One secret to setting and achieving your goals with greater consistency, improved determination—and doing it faster than ever before—is a factor that’s equivalent to the laws of physics. Consider Newton’s law of universal gravitation, which states: “Every object in the universe attracts every other object, with a force that depends upon the object’s mass and distance between them.”
Think of goals as if they were objects, like planets: The more meaningful and important the goal, the larger its “mass.” The further away the goal is in time, the less pull it has, regardless of its importance. Achieving your goals is due in large part to the balance of meaning and significance (mass) with time frame (distance) to create the necessary force of attraction (pull). For example, you might want to sculpt your best body, but if the distance between you and achievement is too great, it will not have the strong, lasting pull necessary to bring you to your goal.
Step 1: Set measurable goals
Numerous studies have made a link between putting your goals on paper and achieving them. It brings them into focus and transfers them from your head into action.
But “I want to get in shape” has no power, no direction behind it. It’s not a goal; it’s a vague wish. Instead, make it specific: You want to go from a size 14 to a size 8 or from a 38-inch waist to a 34-inch waist in 12 weeks. Specificity makes a considerable difference. Be ambitious but realistic.
In addition to a specific milestone, choose a specific timeline. I’ve found there’s nothing more effective for whipping me into shape than the deadline of an upcoming vacation or photo shoot. A deadline creates urgency and helps to prioritize daily activities.

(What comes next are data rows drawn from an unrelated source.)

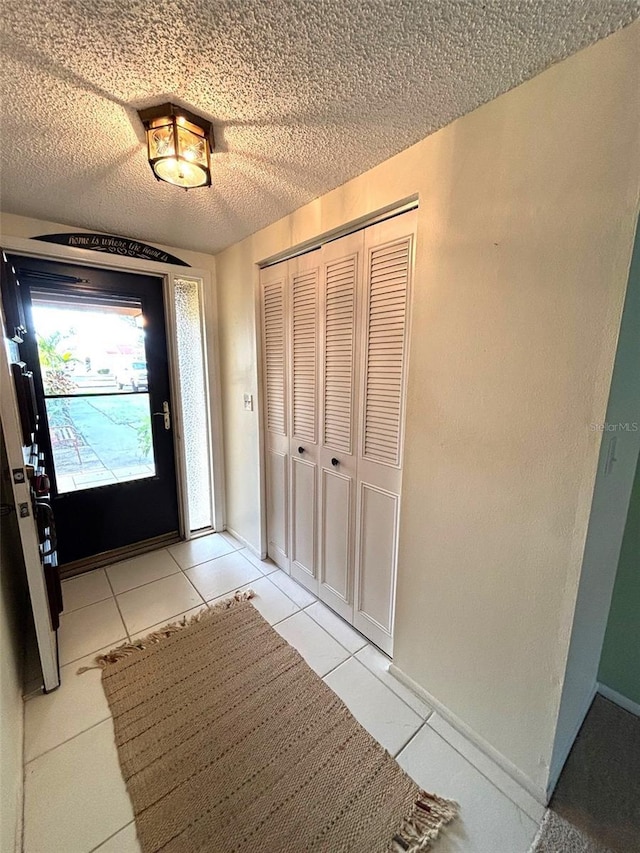 doorway with light tile patterned floors and a textured ceiling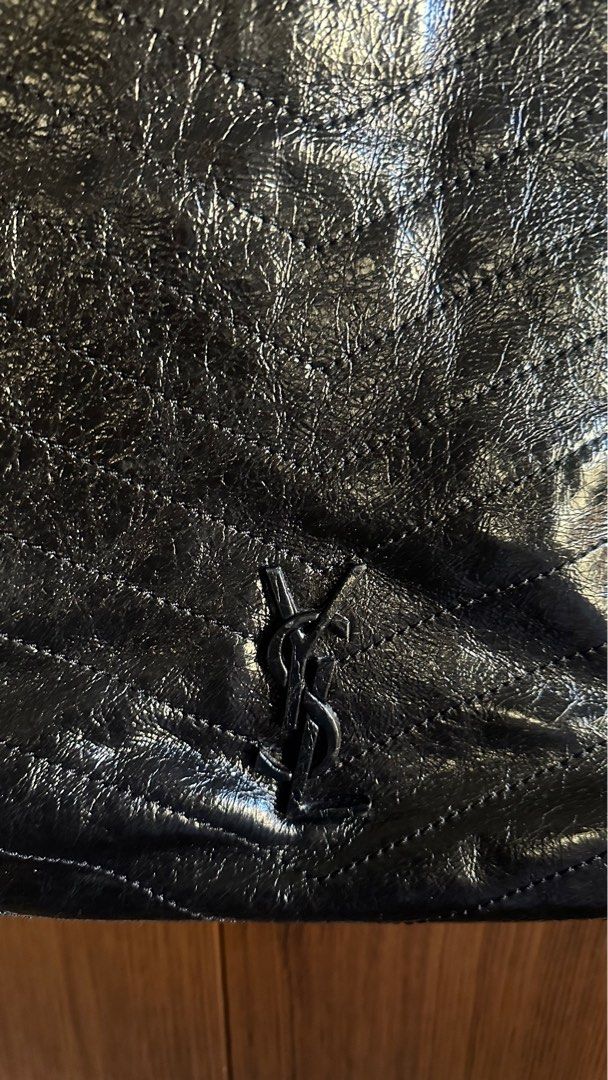 YSL Black Shoulder / Sling (Category: Shoulder Bags) located in Marikina City. Submitted by coco_lolo (Listing ID 1327259384, Image 2). Description: Black Leather YSL self authenticate .
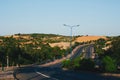 Highway curve road overpass nature landscape background dark tone mist day time street tall lanterns trees bushes Royalty Free Stock Photo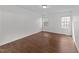 Neutral bedroom with hardwood floors and double windows for natural light at 224 Hartshorn Ct, Holly Springs, NC 27540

Step 2: Choose four goals for 12 weeks
Set four goals to accomplish in 12 weeks. Make the first two physical goals that can be quantified, such as losing 10 pounds of fat, gaining 3 pounds of muscle, losing 2 inches off your waistline, lowering your cholesterol, decreasing blood pressure or reducing your resting heart rate.
Make the other two goals focus on your inner strength. These are subjectively measured but are no less important; after all, self-improvement is not just physical. Focus on mental and emotional goals such as improving your outlook, attitude, mood or resources. Think of how you deal with stress, interact with loved ones and co-workers or how you deal with adversity. For example, you could improve your relationship with someone important in your life or read a certain number of books, take courses or hire a professional coach to support and challenge you.
List your four goals:
- Physical Goal 1:
- Physical Goal 2:
- Inner-Strength Goal 1:
- Inner-Strength Goal 2:
Assess your progress on these goals each week. How can you adjust your actions to navigate effectively toward these goals? What do you want to accomplish 12 weeks after you reach these goals? How does that move you toward your 12-month goals?
Together, an inspiring vision and clear goals serve as a blueprint for your lasting success—your choice to live a strong life, however you define it. It’s the life you’re most drawn to live, a brilliant future that pulls you forward each day with great force.